宣誓。Let’s have fighting spirit, friendship and fair play. 我々選手一同は、若者の持つ情熱と持てる力の全てを発揮し、悔いの残らぬよう、正々堂々と戦います。

小野塚 変化は感じました。英語だから国際的だとは思いませんでしたけど、何でもありになっていく中で、初めてのパターン。新鮮さはありましたね。


【第81回夏(99年) 新潟明訓(新潟)今井也敏】

宣誓。甲子園球場。野球というスポーツを愛する私たちにとって、なんと心に響く言葉なのでしょうか。1900年代、最後の夏。私たち選手一同は、今、この甲子園に集うことの出来た喜びをかみしめています。スタンドで応援してくれる控えの選手を始め、私たちの野球を支えてくれる全ての人たちに感謝し、暑い日も、また吹雪の日も、気力で継続してきた練習を信じ、21世紀に大いなる希望を持って前進するために、全力でプレーすることを、ここに誓います。
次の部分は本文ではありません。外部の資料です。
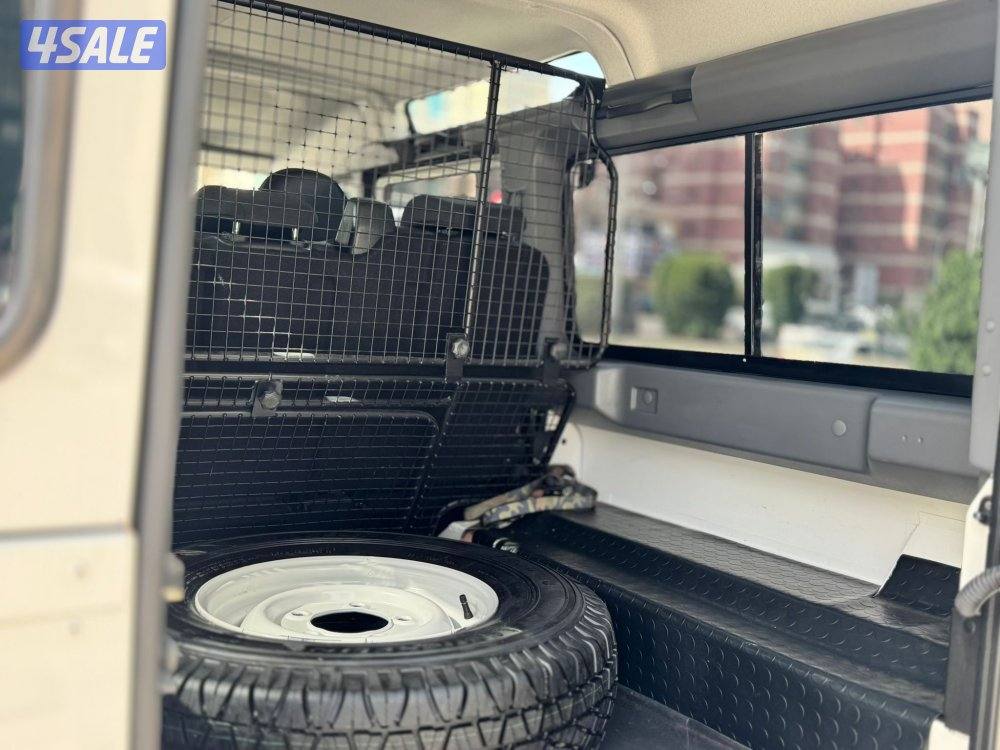 Defender 2009 بحالة الوكالة عداده 80 الف فقط9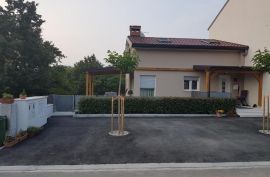 Kuća s dvije stambene jedinice blizu mora, Poreč, Poreč, House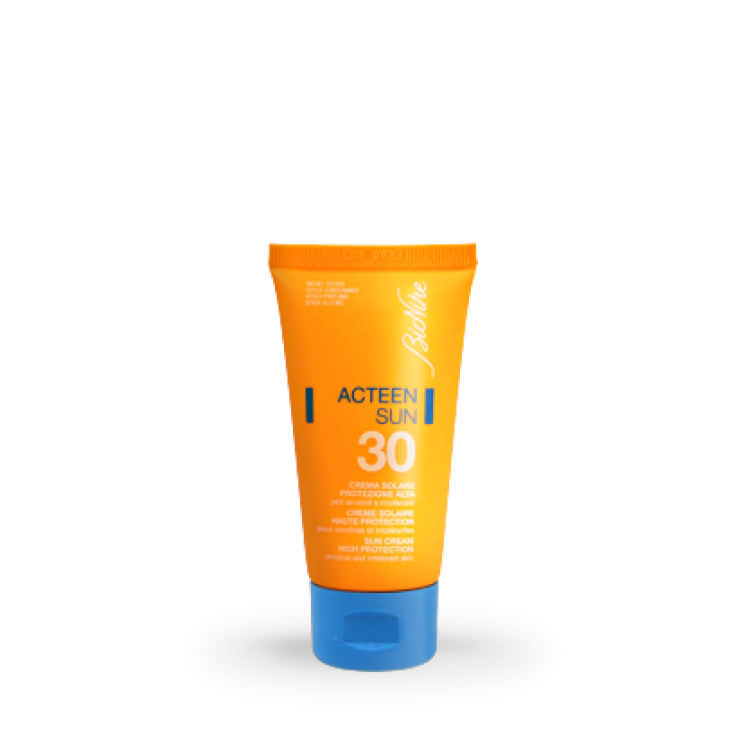 BioNike Acteen Sun Sonnencreme SPF30 für zu Akne neigende Haut 50 ml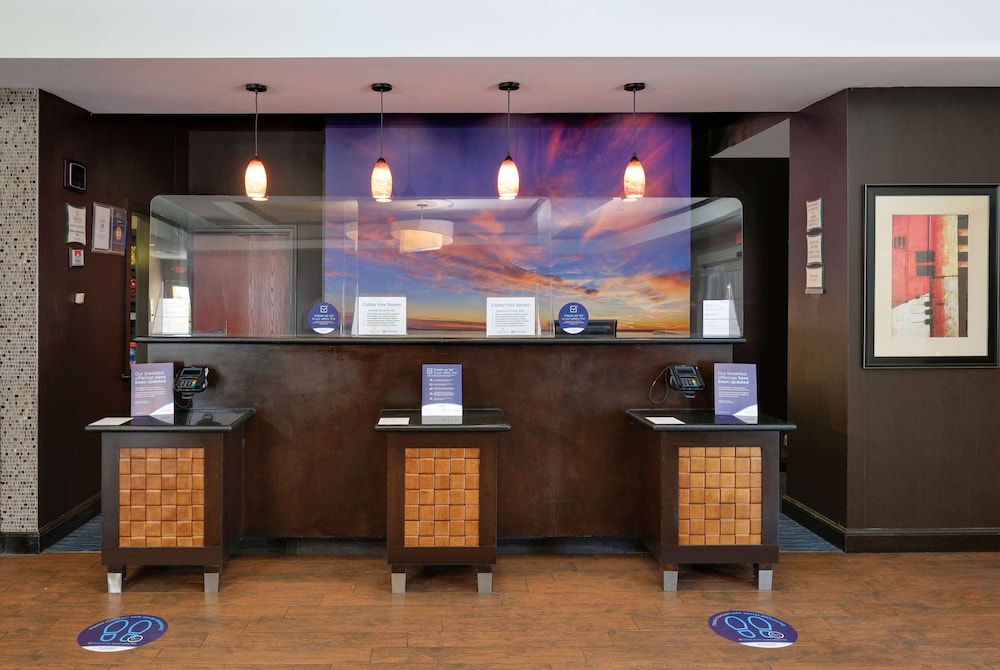 La Quinta Inn & Suites by Wyndham Denton - University Drive 8/41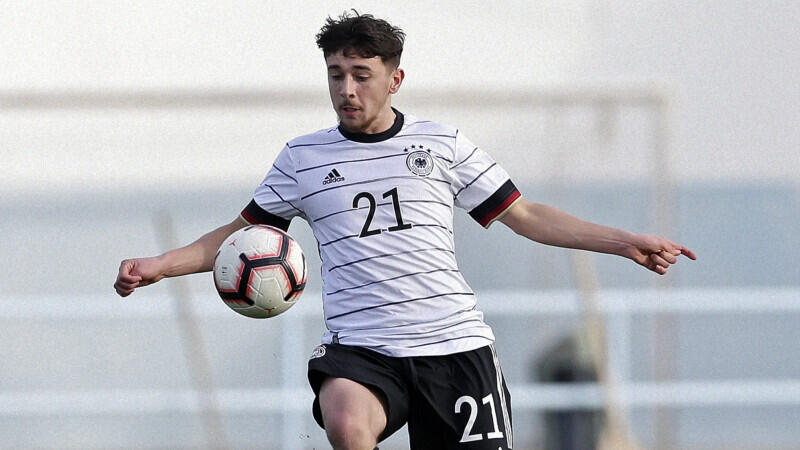 <a href='/de/daten/news/hamburger-sv/' class='tag'>Hamburger SV</a> bindet U17-Weltmeister langfristig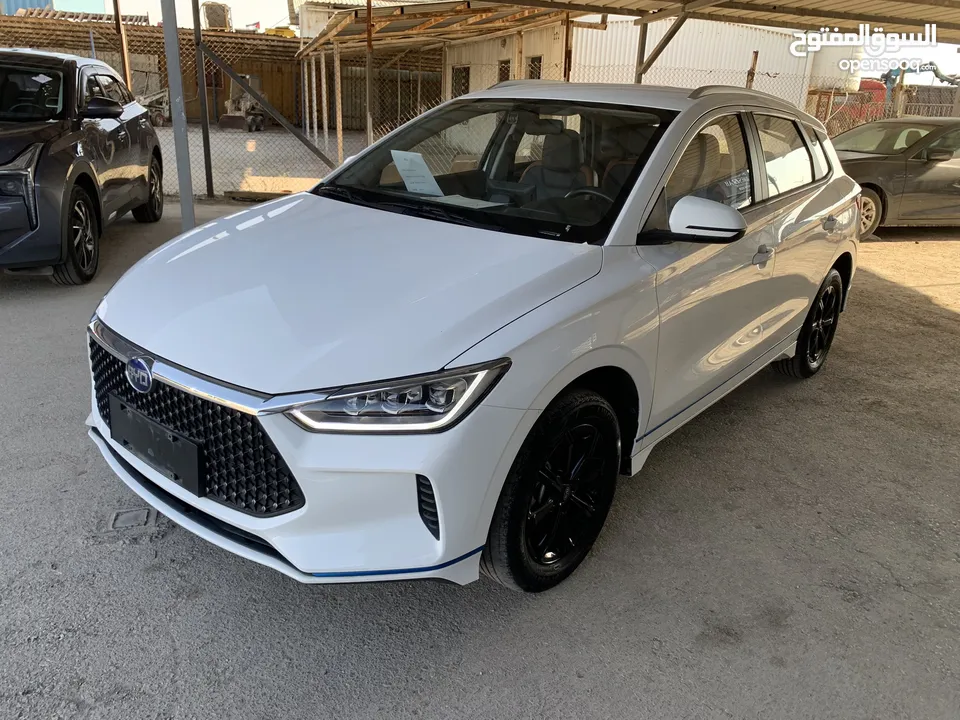 BYD E2 2022 بي واي ديه 2022 صنف لوكشري فل الفل بحاله الوكاله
小野塚 言葉に節目感がありました。80回大会は過ぎてるし、20世紀最後ではないし、平成も11年だし。キーワードが何もなさそうな中で、すごく工夫してるなと。「宣誓」の次に、いきなり「甲子園球場」。途中で「憧れの甲子園」とかはあっても、憧れも何もつけないで、いきなりは初めてだったのでは。野球好きのおやじにはスッと来た(笑い)。多分、体言止めしてるんですね。来たな、と。心、捉えられました。わしづかみにされた感じ。